Seguro para Motoristas de Aplicativos (Destaque)
Lendo o Informativo Migalhas, hoje, 02/10/2025, que estampou o início do julgamento da Reclamação 64018 perante o Supremo Tribunal Federal, deparei-me com a seguinte observação durante a sessão de ontem naquela Corte, verbis:
“O ministro Luís Roberto Barroso destacou pontos levantados por motoristas de aplicativos a respeito das condições de trabalho na economia de plataformas.
O julgamento trata do enquadramento de modelos contratuais fora da CLT e tem grande impacto sobre o setor digital.
Barroso relatou que, em encontro recente com representantes da categoria, três preocupações se mostraram centrais: definição decritérios para jornada de trabalho, garantia de remuneração mínima e funcionamento adequado do seguro previsto em lei.
Segundo ele, a maior queixa foi de que o seguro, embora exista formalmente, não cobre adequadamente períodos em que o trabalhador fica impossibilitado de exercer sua atividade por acidente.
O ministro também registrou que os motoristas manifestaram inquietação quanto à previdência social.
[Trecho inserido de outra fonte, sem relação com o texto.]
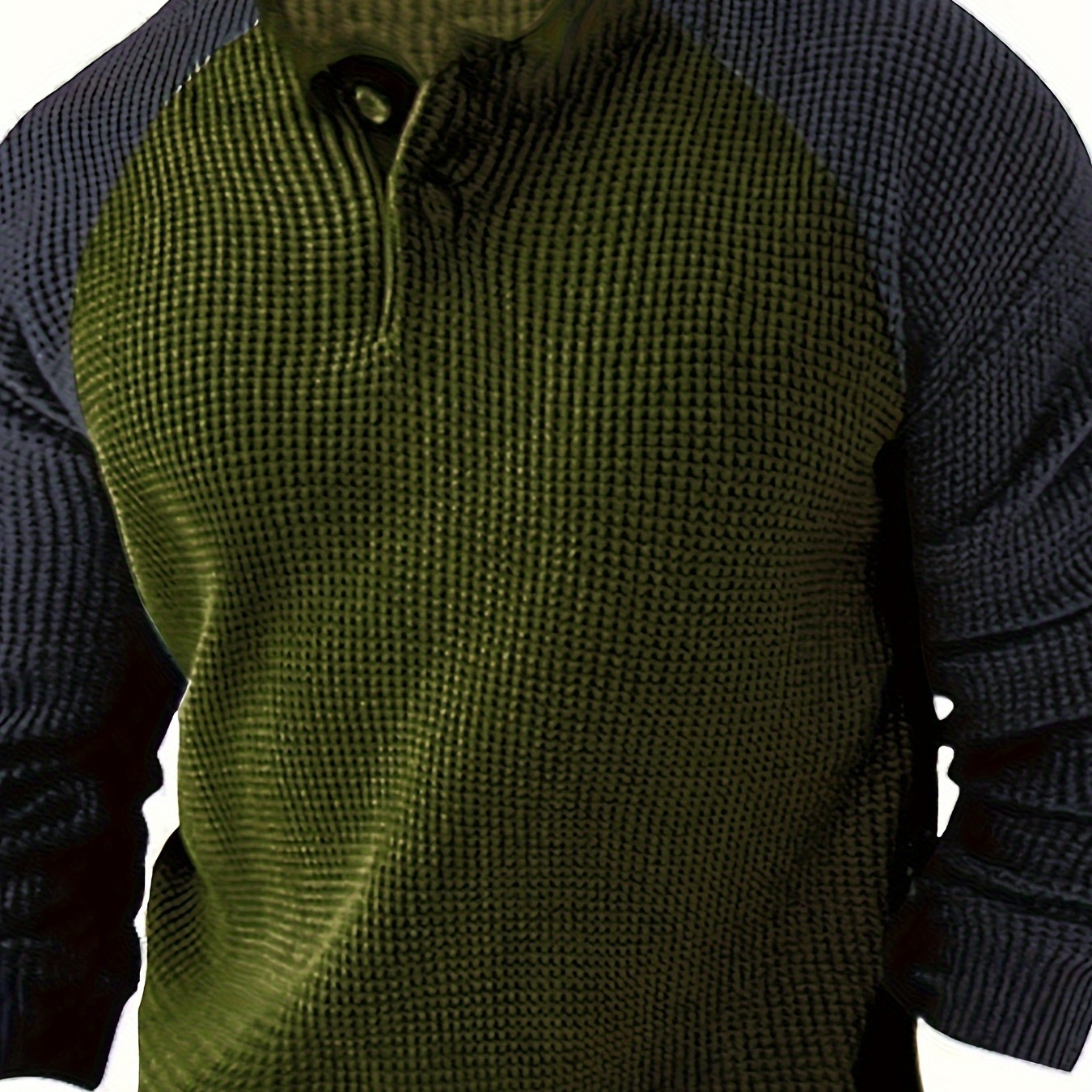 

Color Block Men's Comfy Long Raglan Sleeve Round Neck Henley Shirt, Spring Fall Sports Top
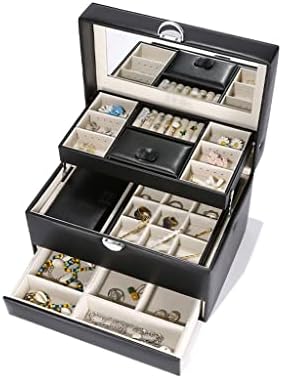 zxb-shop Ковчег за бижута Кутия за съхранение на бижута С три Чекмеджета Тип Кутии за бижута Може да Съхранява Дисплей Пръстен,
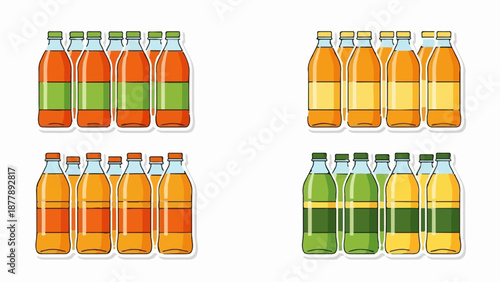Assortment of colorful bottled beverages in a simplified cartoon style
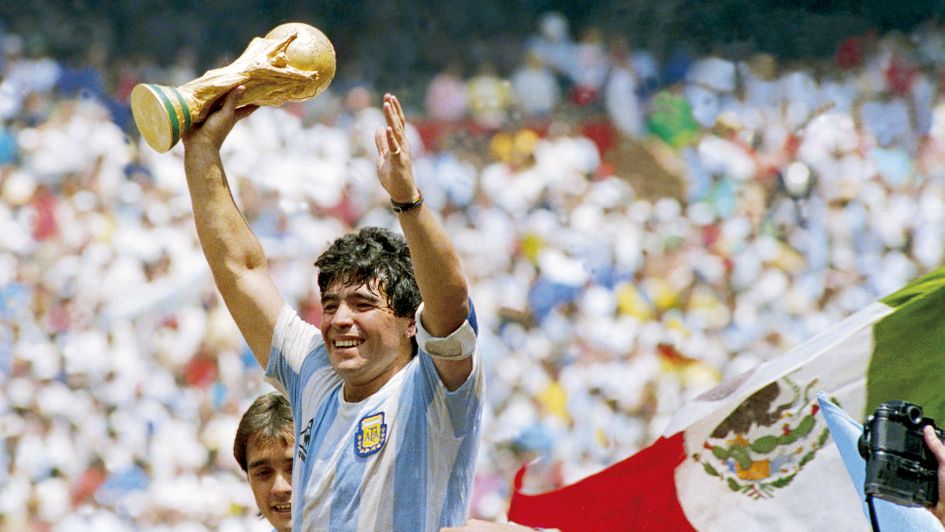 Diego Maradona with the World Cup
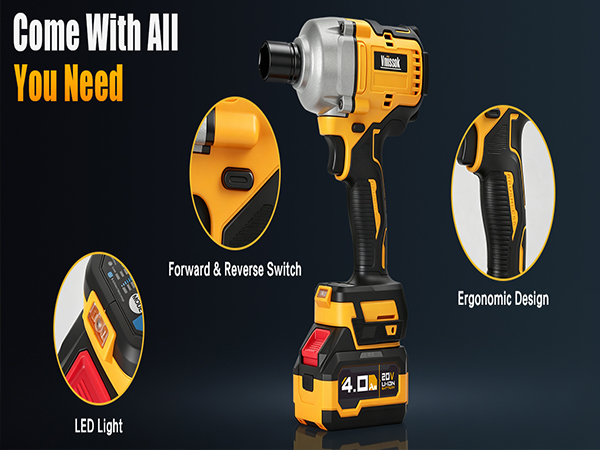 Cordless Impact Wrench, 900Ft-lbs (1200N.m) 1/2" Brushless Impact Gun, 21V High Torque Impact Gun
Ressaltou que como não há empregador que recolha contribuições e muitos profissionais autônomos não conseguem arcar com o pagamento por conta própria, há risco de desproteção previdenciária”[1].
Aproveito a oportunidade neste ensaio para fazer um breve registro, quanto ao seguro privado.
O seguro obrigatório de danos pessoais causados por veículos automotores de via terrestre, tradicionalmente denominado DPVAT, constituía um instrumento jurídico de relevante função social, ao assegurar indenização mínima às vítimas de acidentes de trânsito, abrangendo motoristas, passageiros e pedestres.
Porém, desde 2021 houve a suspensão da cobrança, em razão da suficiência de recursos acumulados, o que gerou acentuada insegurança jurídica quanto à continuidade da cobertura.
No ano de 2023, o legislador sancionou a Lei nº 14.599/2023, que instituiu o Seguro Obrigatório para Proteção de Vítimas de Acidentes de Trânsito (SPVAT), restabelecendo o caráter compulsório do instituto, com previsão de retomada de sua cobrança a partir do exercício de 2025.
Todavia essa modalidade securitária não foi adiante.
Nesse contexto fático, coloca-se em análise a situação dos motoristas de aplicativos, categoria que tem adquirido crescente relevância econômica e social no Brasil, sobretudo em função de sua inserção precária nas redes de proteção securitária e previdenciária.
O DPVAT foi criado pela Lei nº 6.194/1974, com caráter público e de cobertura universal, tendo como objetivo principal garantir indenizações em casos em casos de morte, invalidez permanente, total ou parcial, além de despesas médicas e suplementares.
Com a edição da Lei nº 14.599/2023, o DPVAT seria substituído pelo SPVAT, preservando-se a natureza obrigatória do seguro, que seria conduzido através de uma gestão centralizada da Caixa Econômica Federal, responsável pela arrecadação e pagamento das indenizações.
Os motoristas de aplicativos, embora não contemplados naquela lei específica teriam, sem dúvida alguma, sua inclusãona condição de condutores/proprietários de veículos automotores, sujeitando-se às mesmas obrigações impostas aos demais motoristas.
A atuação profissional dos motoristas de aplicativo intensifica o risco de acidentes, dada a maior exposição ao trânsito urbano merecendo, de modo isonômico, a mesma proteção em relação a qualquer condutor de veículo automotor.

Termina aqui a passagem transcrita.